The photos above show a street on the outskirts of Groningen in the Netherlands. In the 1980s it had cycle segregated cycle tracks, a 30mph (50Kmh) speed limit and a signalised pedestrian crossing. It is the classic Dutch scene and reasonably safe for cyclists. It has a lot of infrastructure and signs, and pedestrians can only cross at the designated point, although there are shops along both sides. Cyclists would often go the wrong way along the cycle track or footway to reach the shops and pedestrians would stand in the cycle track to cross the road. The tracks were created by banning parking (i.e. reducing traffic volume) although it can be seen that this leaves a clear road for anybody that wishes to ignore the speed limit.
In the 1990s the street was revamped with a low 20 mph (30Kmh) speed limit and all kerbs and lane markings removed. This has created a safer (although visibly more chaotic) environment which is more convenient for pedestrians and retailers as the ‘footway’ is much wider and has no kerbs, just a change in surface treatment, and it is easier to cross through slow moving traffic as drivers are more willing to give-way on a shared surface where there isn't such a clearly defined territory for different modes.
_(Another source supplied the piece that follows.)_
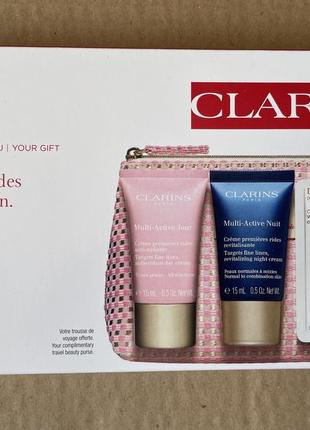 Clarins набір догляду за обличчям premières rides & hydratation.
Opposing traffic flows are close together on the narrow carriageway, and drivers also wait behind cyclists as there is no room to overtake so speeds are kept low as everybody feels 'vulnerable'. There is more space for official (and unofficial) car parking which also contributes to the speed reduction effect.
It is clear that many existing town centre high streets are failing to attract the wide range of activities that they once did. Large retailers and commercial organisations have relocated to out of town ‘sheds’ with free parking, large units and low overheads. With fewer workers in town centres and the growth of online shopping, retailers are struggling. Successful town and city centres are re-inventing themselves with a return to residential development within the core, a growth of independent shops, venues for start-up and pop-up businesses and high quality public realm. Walking and cycling play an important part in the life of such places where the centre once again becomes a hub of cultural and social activity as exemplified by the work of Jan Gehl in Denmark (Public Spaces, Public Life).